Inasmuch neither the State Government, nor the Corporation has prescribed a better scheme for payment of gratuity, and as it is nobodys case that the erstwhile employer had prescribed any such scheme, the right of the appellants to get gratuity on the basis of the provisions contained in the Payment of Gratuity Act continued until their employment came to an end by reason of superannuation. 9. In such view of the matter, we are of the view that the writ court was incorrect in holding that the Corporation is liable to pay gratuity to be calculated from the date the appellants were employed in the Corporation and the erstwhile owner of the taken over Undertaking will be liable for the period prior to take over.

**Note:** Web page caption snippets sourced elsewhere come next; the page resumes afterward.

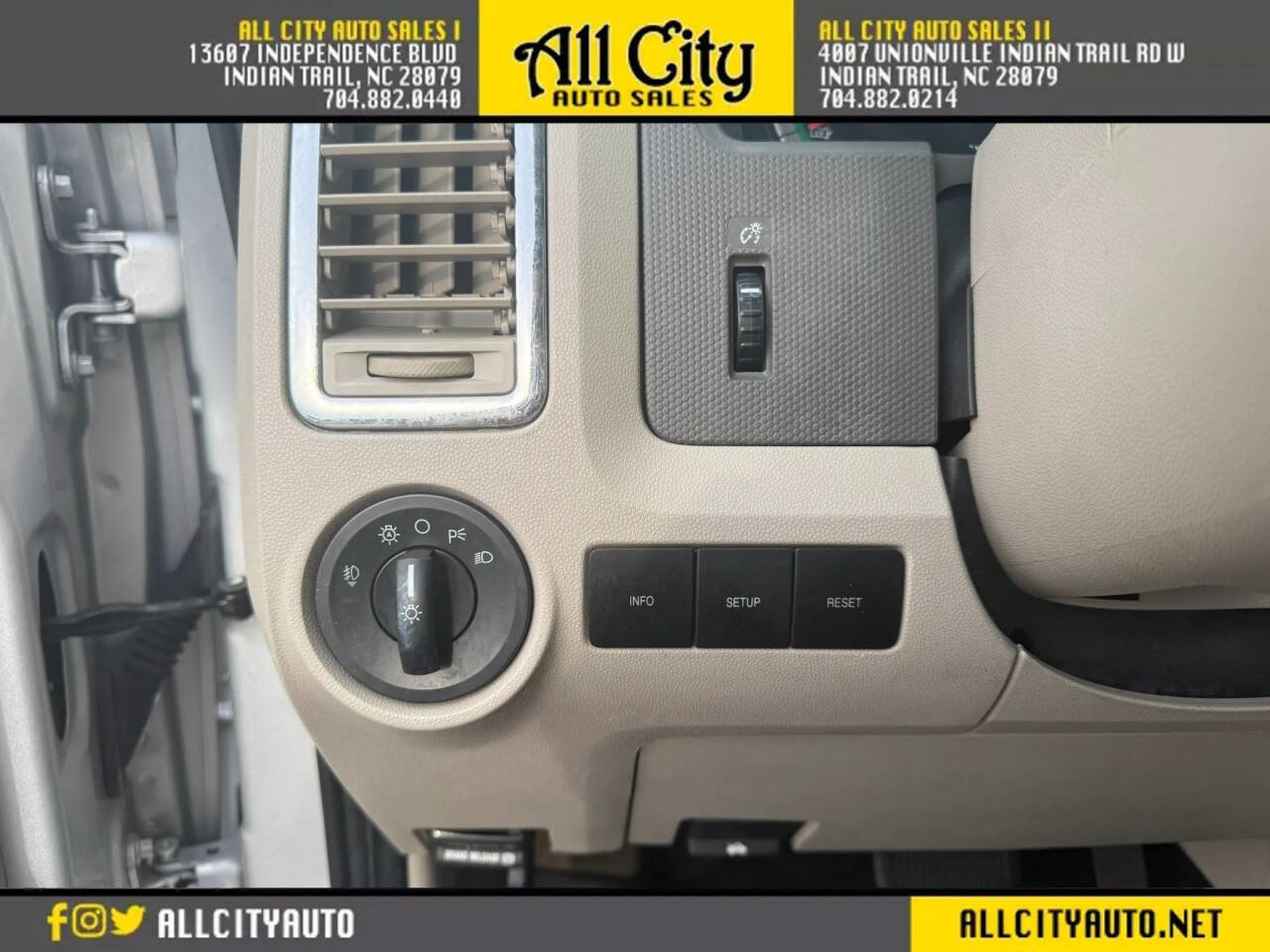 Used 2009 Ford Escape Limited FWD image 22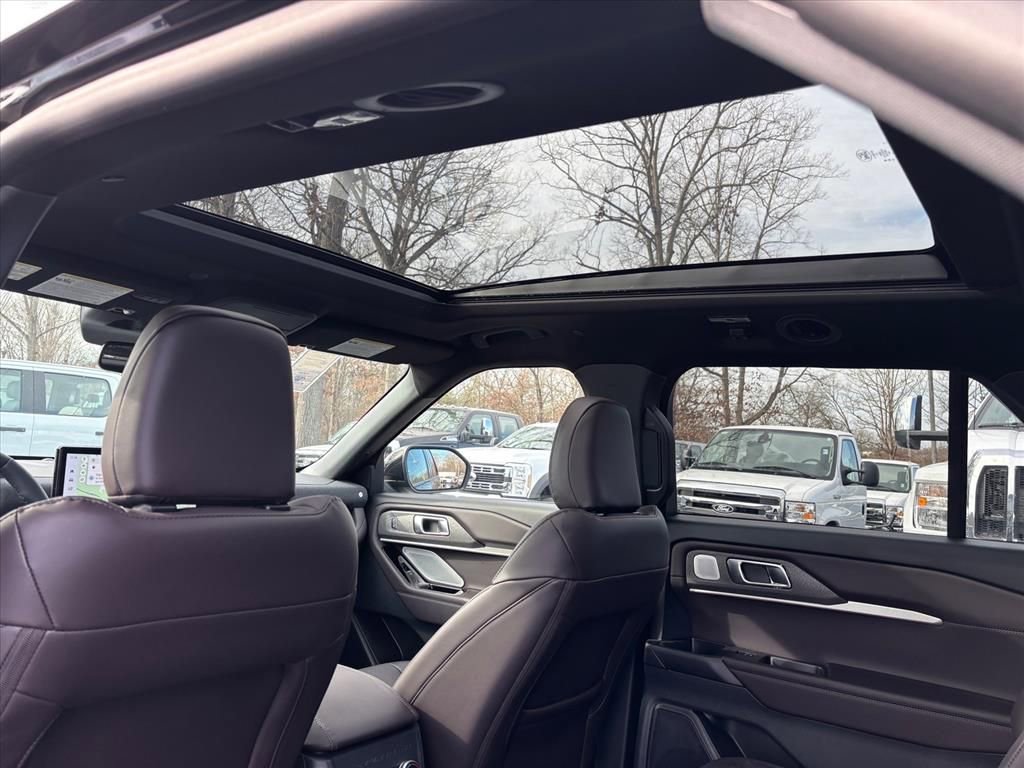New 2026 Ford Explorer Platinum RWD image 7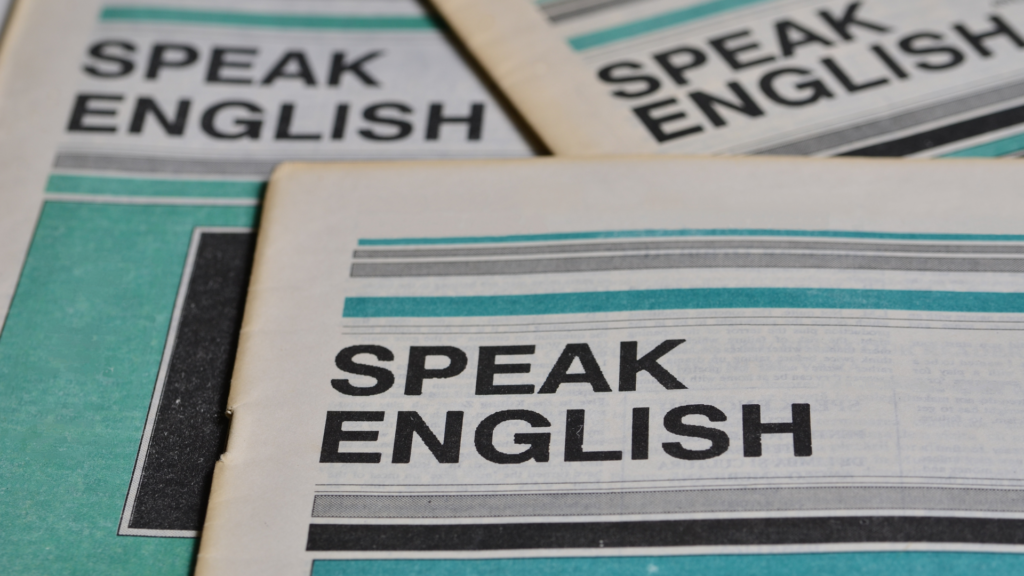 El inglés es el idioma más utilizado en el ámbito de los negocios y la jerga profesional. Dominar este idioma abre un mundo de oportunidades para los profesionales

According to us, only when the employment of the appellants come to an end, the appellants, if they have worked for the minimum period prescribed in the Payment of Gratuity Act, became entitled to gratuity to be calculated for the entire length of their employment, i.e., for the entire length of their employment, when the undertaking had not been taken over, and also when the undertaking had been taken over, and liability to pay gratuity for the entire period will rest in the Corporation. 10. We think that our view, which is supported by Sub-section (2) of Section 11 of the taken over Act, is also supported by a judgment of the Hon ble Supreme Court rendered in the case of Central Coalfields Limited vs. Union of India & Ors.: reported in (1998)9 SCC 192 . In view of the findings as recorded above the judgment and order under appeal to that extent is set aside and the writ petition is also allowed to that extent. The time to pay gratuity in terms of the provisions of the Payment of Gratuity Act is extended by three months from today, in default it shall be open to the appellants to take recourse to the provisions of the said Act.